Written by , Posted in Blog, Pop Culture

Vikings has always managed to walk the line between fun and serious better than most shows on television. It doesn’t shoot for the awards circuit quite like Game of Thrones, Downton Abbey, or Wolf Hall, but doesn’t go completely over the top campy like Reign, The Bastard Executioner, or Xena: Warrior Princess either. It also has a strong chance to go down in TV history as having the best action sequences of all time.

The second half of season four put forth a test that few shows ever want to face. Could Vikings survive without its lead? Ragnar Lothbrok’s death made sense from a historical standpoint, fitting given it airs on the History Channel, but Travis Fimmel brought an unexpected emotional complexity to the character that wasn’t completely needed for the show to be a hit. His absence is a big loss for the show, which makes it peculiar to state that it’s also for the best.

Vikings became a great show because of Ragnar and will be better off moving forward without him.

To say that there’s nothing left for Ragnar to do is sensible, but slightly problematic. The show could have easily invented a new plotline for Ragnar, even if it wasn’t directly tied to Bjorn’s or another invasion attempt, and Fimmel could have stayed on the show. Even if this possibility makes you roll your eyes, it’s important to understand that Vikings wasn’t completely backed into a corner with Ragnar. Killing him off was the right decision, but killing off the star is never easy.

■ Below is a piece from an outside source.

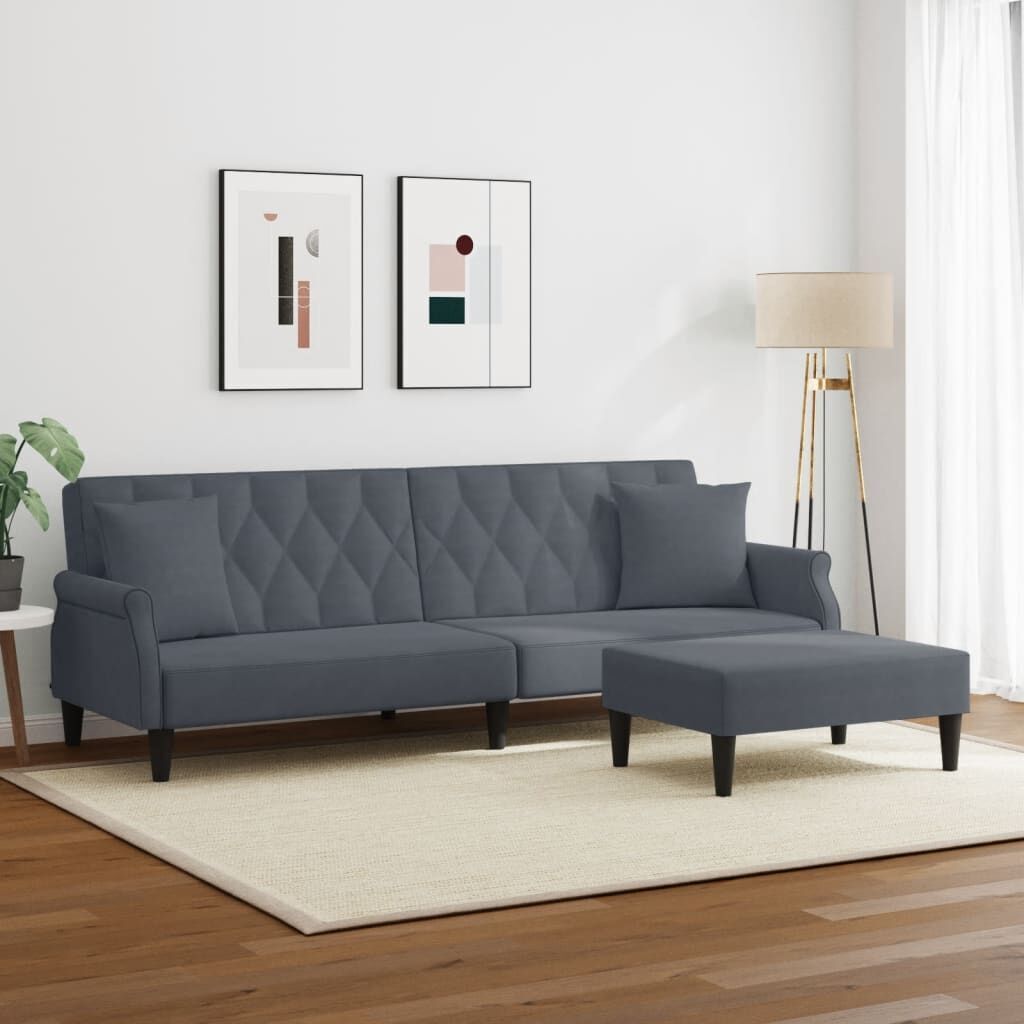 2-Seater Sofa Bed with Pillows and Footstool Dark Grey Velvet Price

Ragnar lost his elasticity as a character. Not completely as Fimmel was still able to command the audience’s attention with his broken character. The value of Ragnar shifted in his final few episodes. As an outgoing lead, Ragnar’s interactions with Ivar eased what is naturally an uncomfortable transition. The second half of season four drastically alters the focus of the series, making Ragnar’s four children with Aslaug main characters.

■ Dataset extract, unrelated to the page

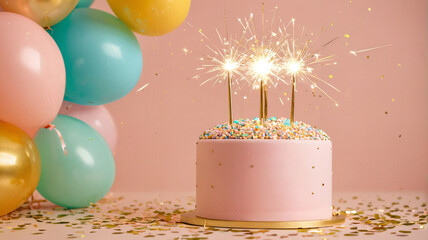 Rosa Geburtstagstorte mit funkelnden Wunderkerzen und Ballons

Keeping Ragnar around would have likely involved the character morphing into the television version of Stannis Baratheon post Battle of the Blackwater (full disclosure: I am a devoted book supporter of Stannis and have published several articles critical of his TV direction). He’d be there on the screen, existing as a shell of himself pining for a future the audience knows isn’t going to happen. Few TV shows succeed when they spend their time reminding audiences of happier seasons. A clean break from the character was much more beneficial to the wellbeing of the show.

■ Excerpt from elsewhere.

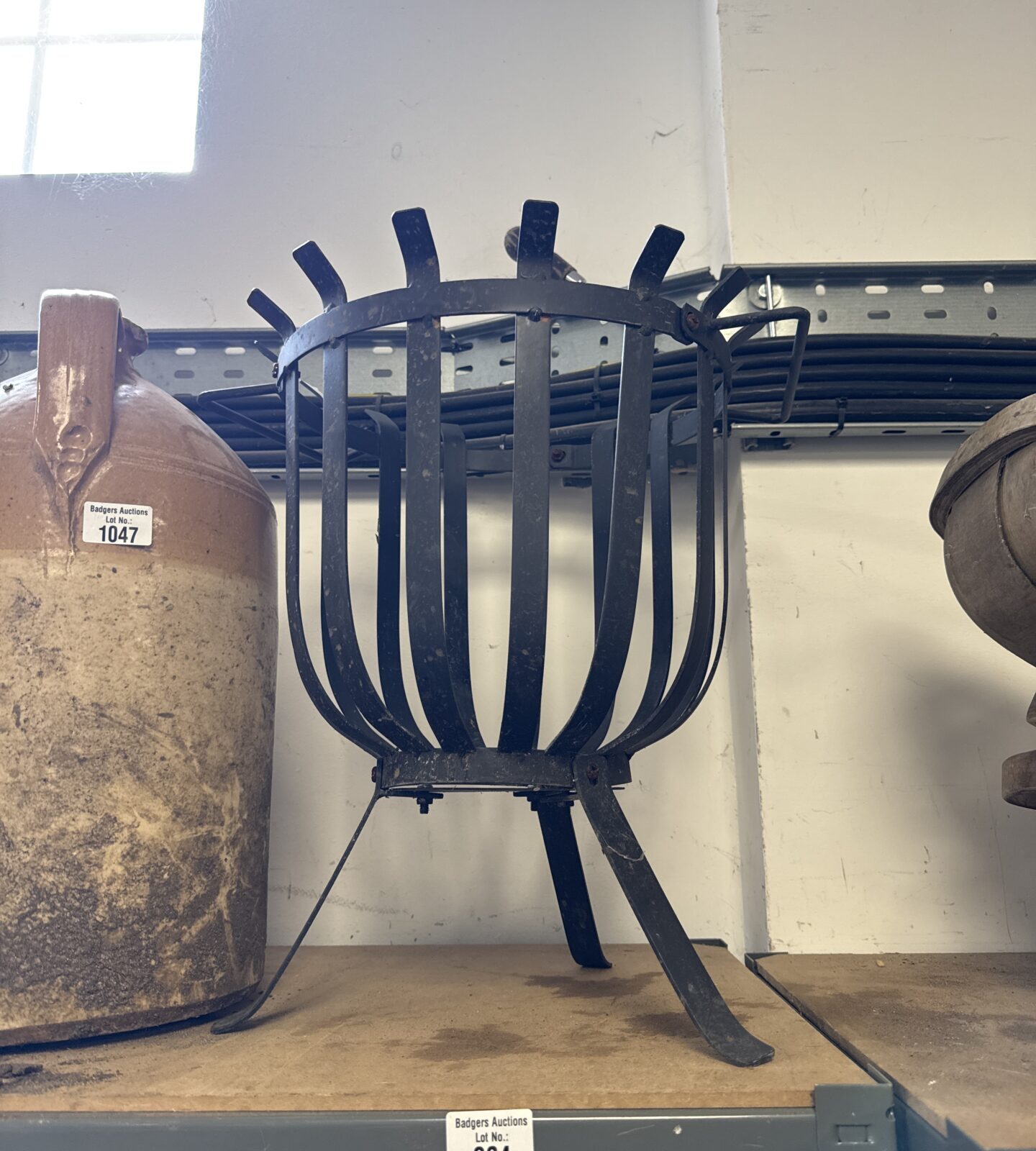 Wrought iron garden fire basket 18” tall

Showrunner and writer Michael Hirst deserves a lot of credit for “Crossings,” the first episode of the post Ragnar era. The show still feels like Vikings, even if we’re not entirely sure what direction the show is going to take. We don’t know which characters will be retained, or what role Jonathan Ryers Meyers will play when he joins the show in season five. The show’s relatively high cast turnover rate makes it likely that at least one of Lagertha, Rollo, Floki, or Bjorn will depart in the not so distant future. If “Crossings” serves as any indicator, it’s that the show still has a lot of gas left in the tank.

Shows evolve or they get stale. There’s only so many times you can build up a character and break them down again without the lingering feeling of familiar territory. TV provides entertainment, but also comfort in the sense that the audience gets to spend time with characters they’ve grown attached to at a specific time of the week. Many shows fade with age as the relationship between comfort and entertainment often erodes into a burden.

By killing off Ragnar, Vikings hopes to avoid many of problems that age inflicts upon TV shows. It won’t be as comfortable, more like a longship voyage to Wessex. It’ll be different. That’s why we watched it in the first place.